Other factors besides the corporate tax rate obviously affect companies’ decisions of where to locate plants and facilities and whether to acquire other firms. For example, the large, affluent market and efficient infrastructure in both Germany and Britain attract companies, but the high labor costs and strict labor laws there keep other companies away. The rapidly growing GDP in Brazil and India attracts companies, but violence and political unrest in Middle East countries deter investment. Perhaps the United States should lower its rate to reward companies that invest in jobs domestically. Lowering the U.S. corporate tax rate should also reduce unemployment and spur growth domestically.
2. Tax Inversions
An increasing number of U.S. companies are reincorporating in foreign countries to reduce their tax burden, and doing this typically by acquiring a foreign firm. For example, Illinois- based AbbVie recently acquired Dublin-based Shire PLC for $54 billion and Pennsylvania-based Mylan acquired Abbott Laboratories’ overseas generic drugs segment for $5.3 billion. Whenever a U.S. firm acquires a foreign firm and adopts that firm’s lower tax rate or establishes a holding company in a foreign country and adopts that firm’s lower tax rate, the transaction is called an inversion. Inversions are becoming common out of fear that politicians will soon eliminate that cross-border tax strategy. The U.S. Treasury Department installed some new rules in September 2014 to curtail inversions, but those rules had little effect. Under consideration currently are U.S.-based Pfizer and Medtronic bidding for Actavis (based in Ireland) and Covidien (based in Ireland), respectively, and Chiquita (based in Charlotte, NC) recently acquiring Fyffes (based in Ireland). Ireland in particular is taking steps to close the best-known corporate tax loophole.

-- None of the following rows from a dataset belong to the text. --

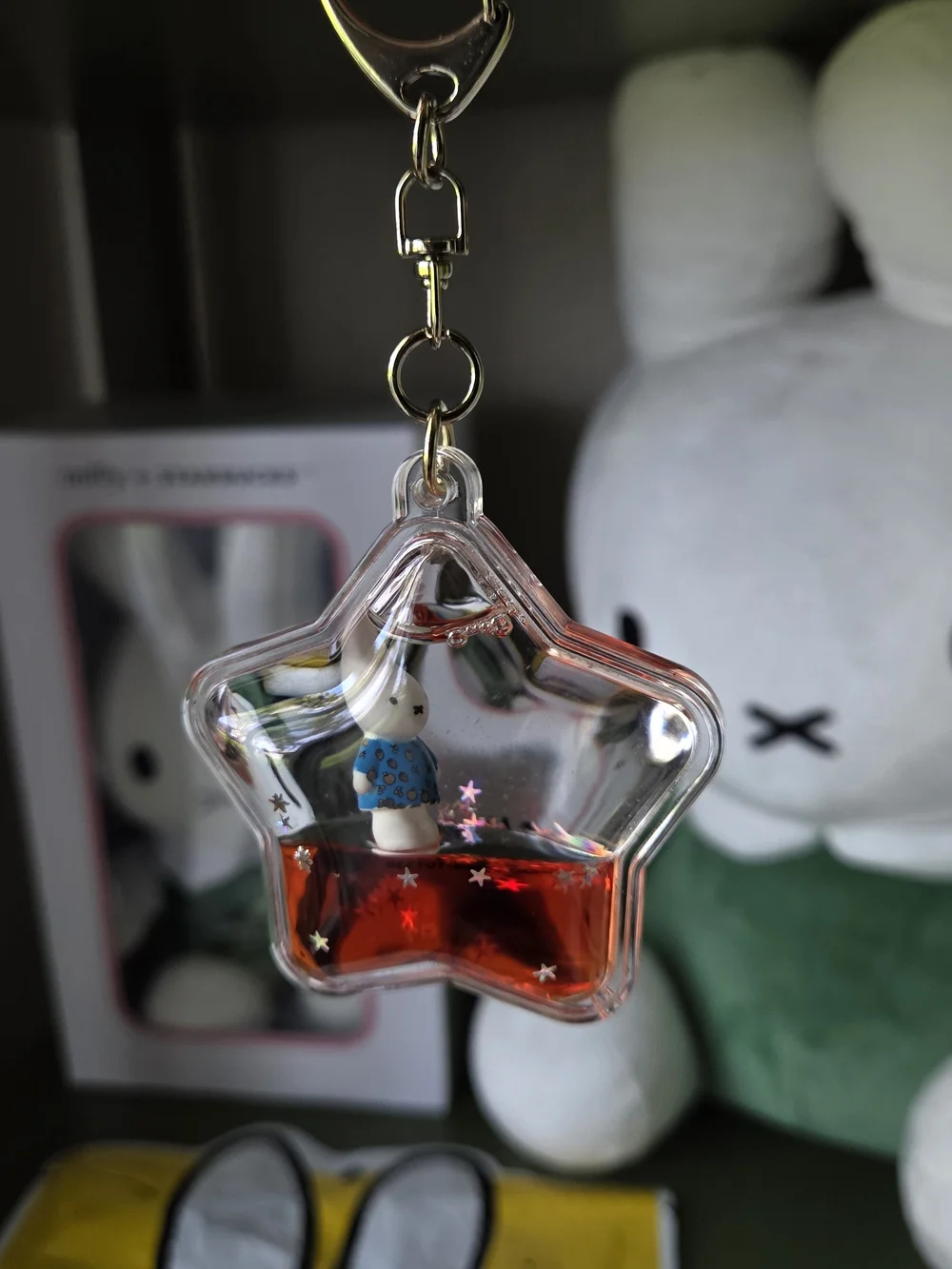 Miffy Star-Shaped Red Liquid Keychain - Kids Accessory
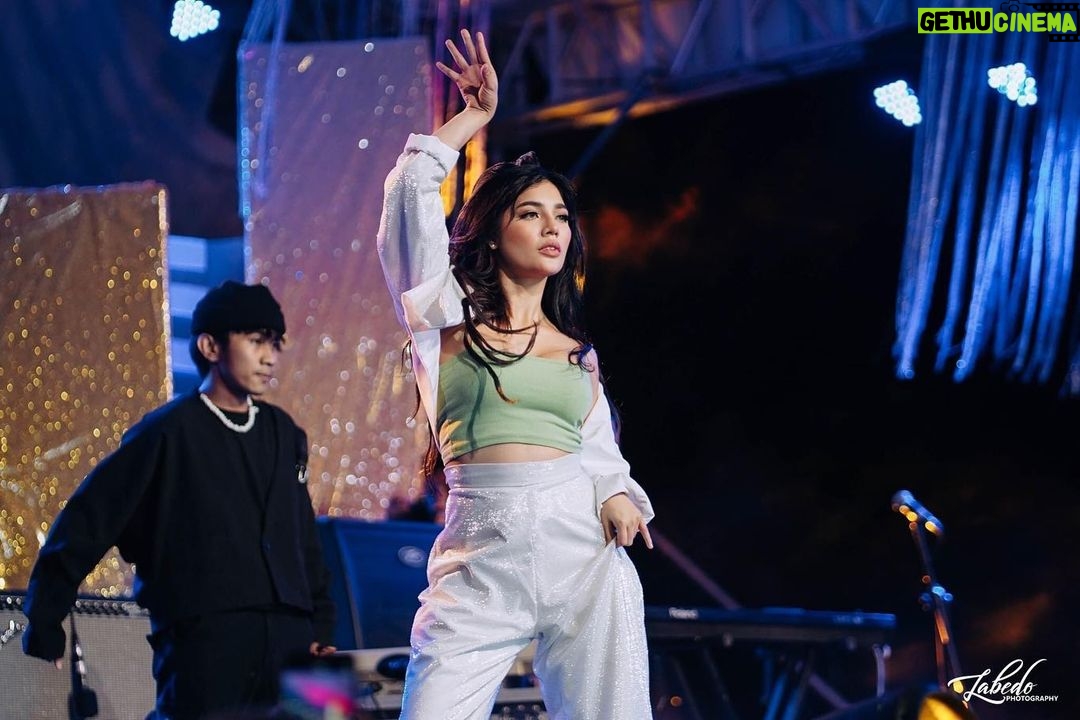 Jane De Leon Instagram - #latepost My posting may be late but I can't just let this pass. I would like to acknowledge and thank everyone specially the organizers behind the Basudani Festival and Dinagyang Festival for the warm welcome me and my team in Mindoro received during our short stay there. Likewise sa inyong mga taga Iloilo sa mainit nyo ring pagtanggap sa Darna cast and staff na bumisita at nakisaya sa inyo. THANK YOU SO MUCH!!! Bitin man but I still look forward to meeting you all again one of these days. Mahal ko kayo! Hanggang sa muli ❤️😘 #BasudaniFestival2023 #Dinagyang2023 *photo credit to the owners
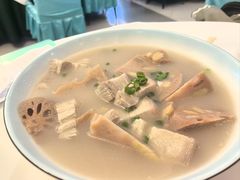 土猪肉绿豆酿莲藕-朱仔记食府(江南大道店)
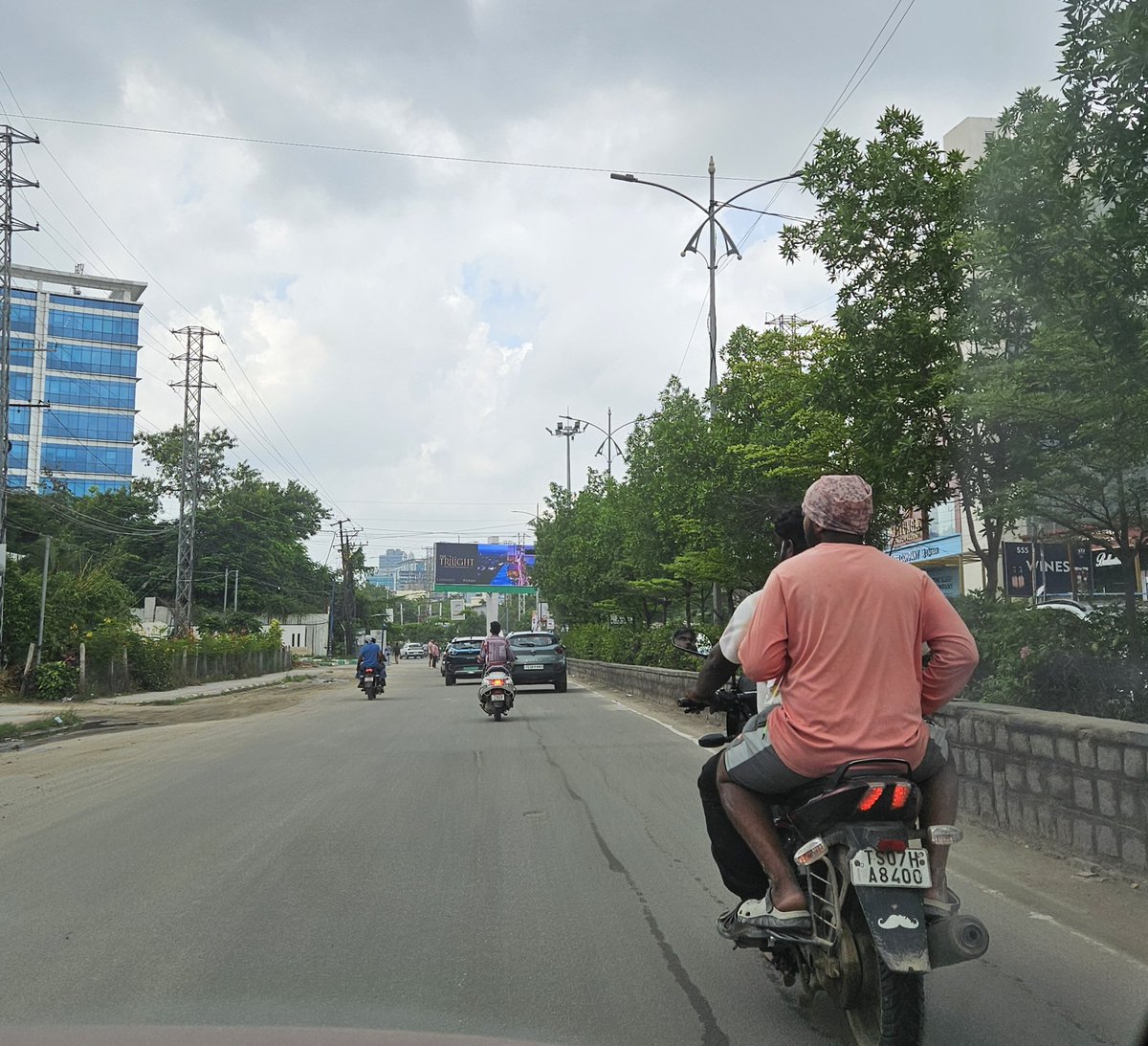 rakeshsivva's tweet photo. @CYBTRAFFIC @HYDTP no helmet
Time 1.25 PM
QCity, Nankramguda https://t.co/H8sZHIuw6w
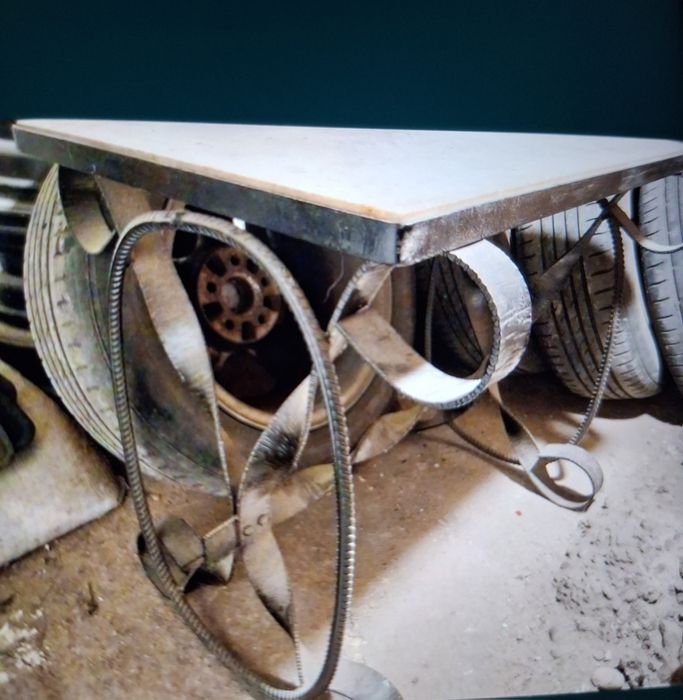 Продавам мраморна маса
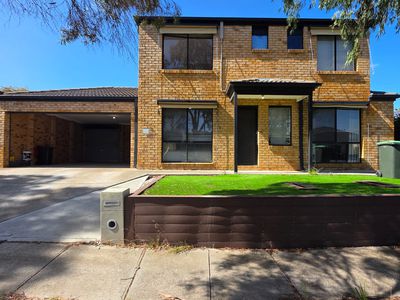 3 Ashburton Avenue, Manor Lakes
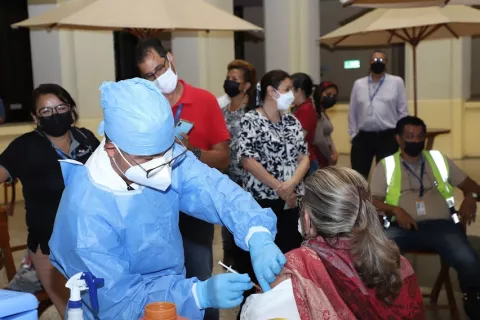 Vacunan contra covid-19 e influenza a funcionarios del Mingob
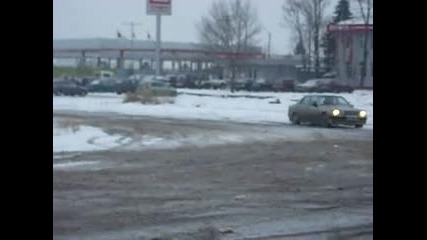 Mercedes 190 drift 1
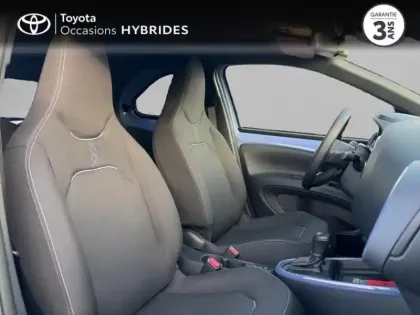 Photo 20 Toyota Aygo  X 116h Graphic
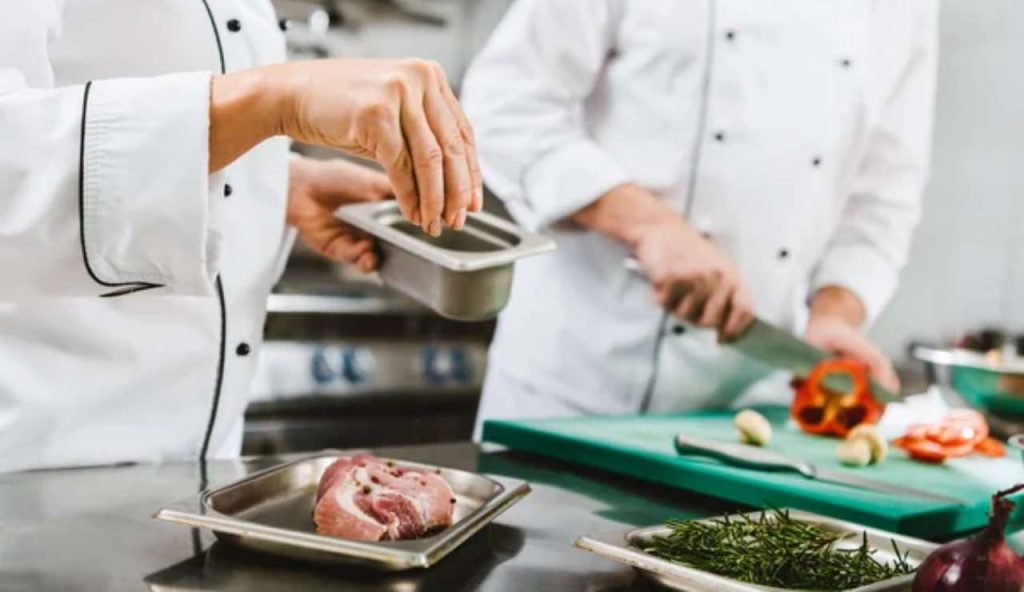 Chef cercando personale senza esperienza lavoro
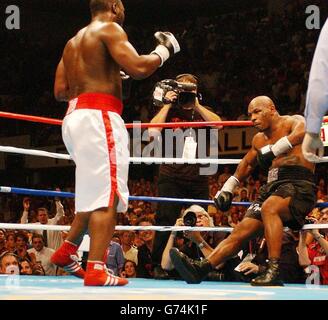 Der Amerikaner Mike Tyson (rechts) wird von Englands Danny Williams während ihres Schwergewichts-Wettbewerbs in der Freedom Hall in Louisville, Kentucky, niedergeschlagen. Tyson wurde von Williams in der vierten Runde geschlagen. Stockfoto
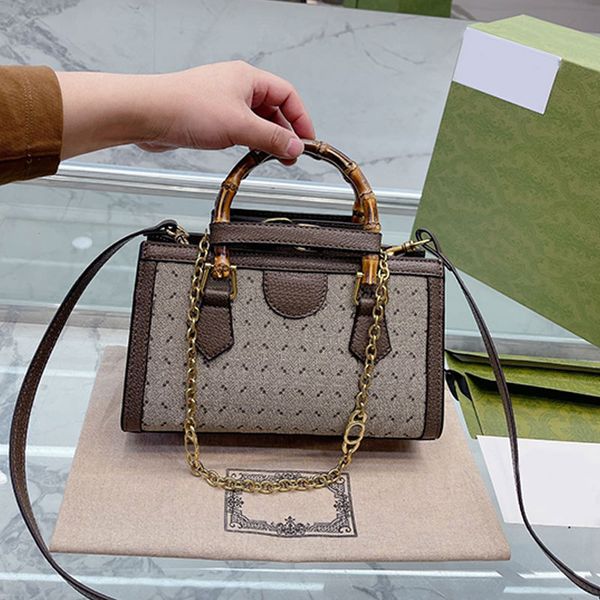 diana bamboo tote bags chain crossbody bag shopping handbag women handbags long leather starp classic letter prints multiple colors cowhide
diana bamboo tote bags chain crossbody bag shopping handbag women handbags long leather starp classic letter prints multiple colors cowhide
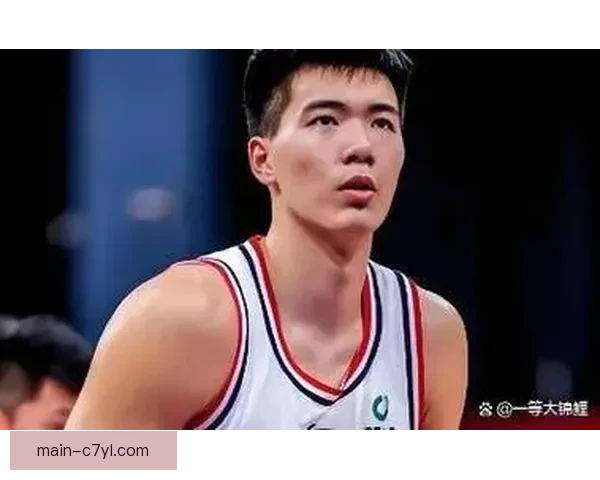 粤记称焦泊乔伤情无碍赴发布会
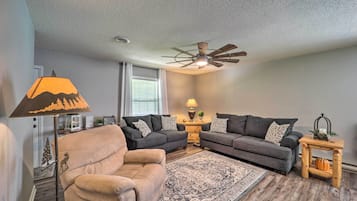 Cottage (2 Bedrooms) | Interior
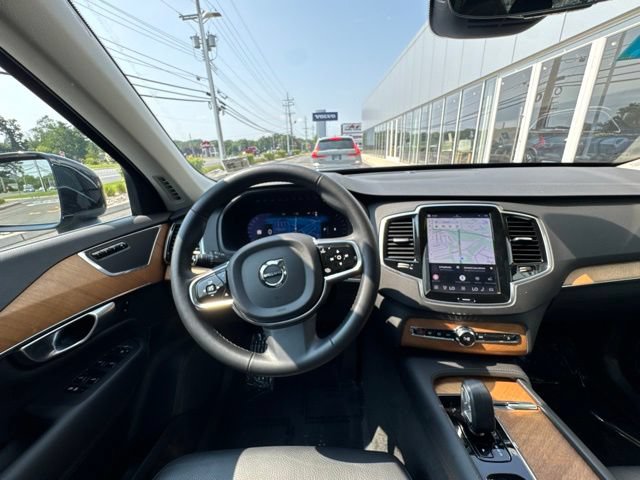 Certified 2024 Volvo XC90 B6 Plus AWD/4WD image 21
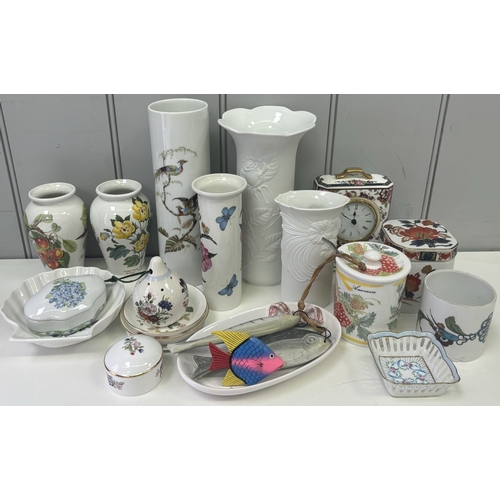 250 - Large collection of good quality decorative ceramics. To include 2 Kaiser white bases; Portmeirion v... 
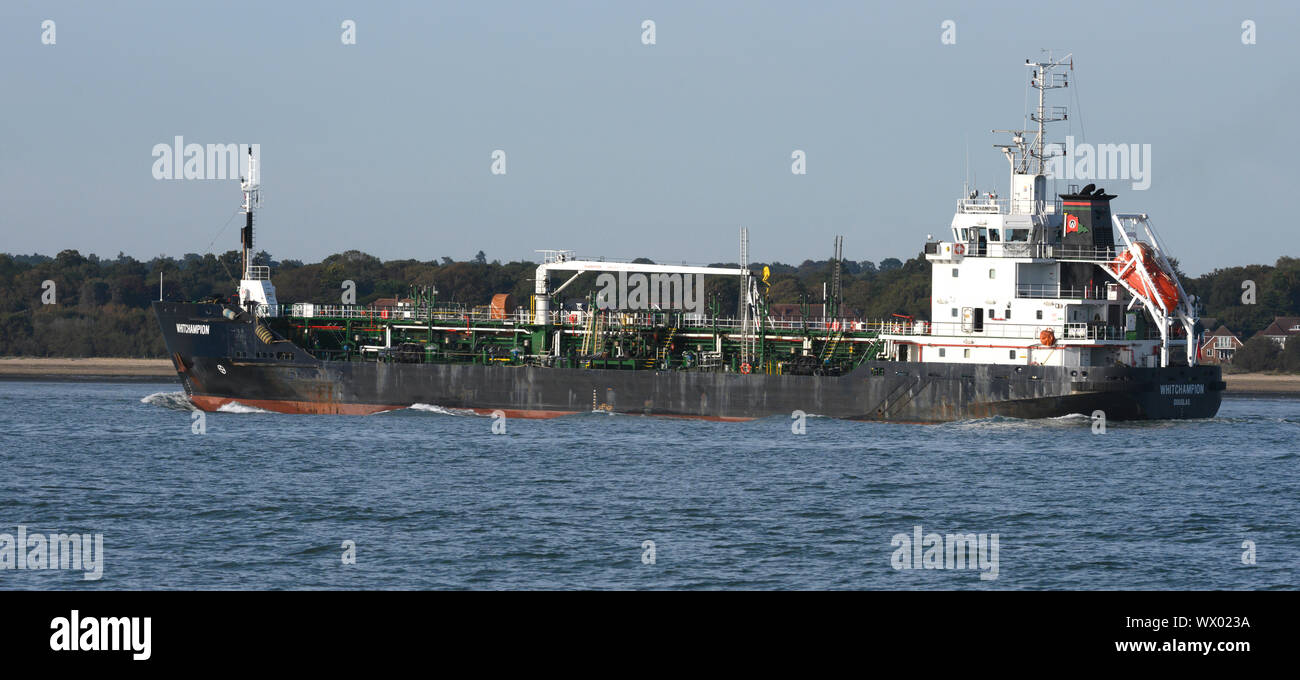 MV Whitchampion un olio prodotti tanker , Southampton acqua, Southampton, Hampshire, Inghilterra, Regno Unito Foto Stock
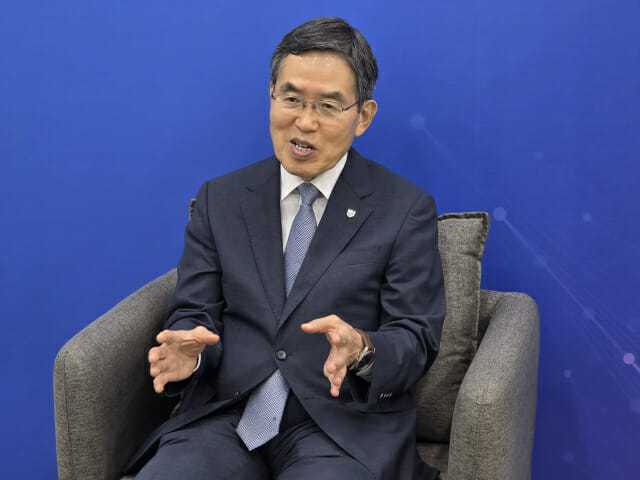 한기대 총장 “AI 개발자만으로 세상 못 바꿔…AI 잘 쓰는 인재도 필요”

Tax inversions have led to a higher dollar value of mergers and acquisitions in the United States in 2014-2015 than in the past 10 years. Inversions are common because the old alternative strategy of simply reincorporating in, say Bermuda or the Cayman Islands, has been virtually eliminated by politicians. Mylan, like many firms, used its foreign acquisition to reincorporate in the Netherlands, and then transfer pretax income from their domestic operations to their foreign parent through intercompany debt. Similarly, Salix Pharmaceuticals in North Carolina recently acquired an Italian drug company and reincorporated in Ireland in the process. Congress’s Joint Committee on Taxation says eliminating inversions would yield $19.46 billion more in tax revenue for the United States over 10 years, but this will likely not get done for several years.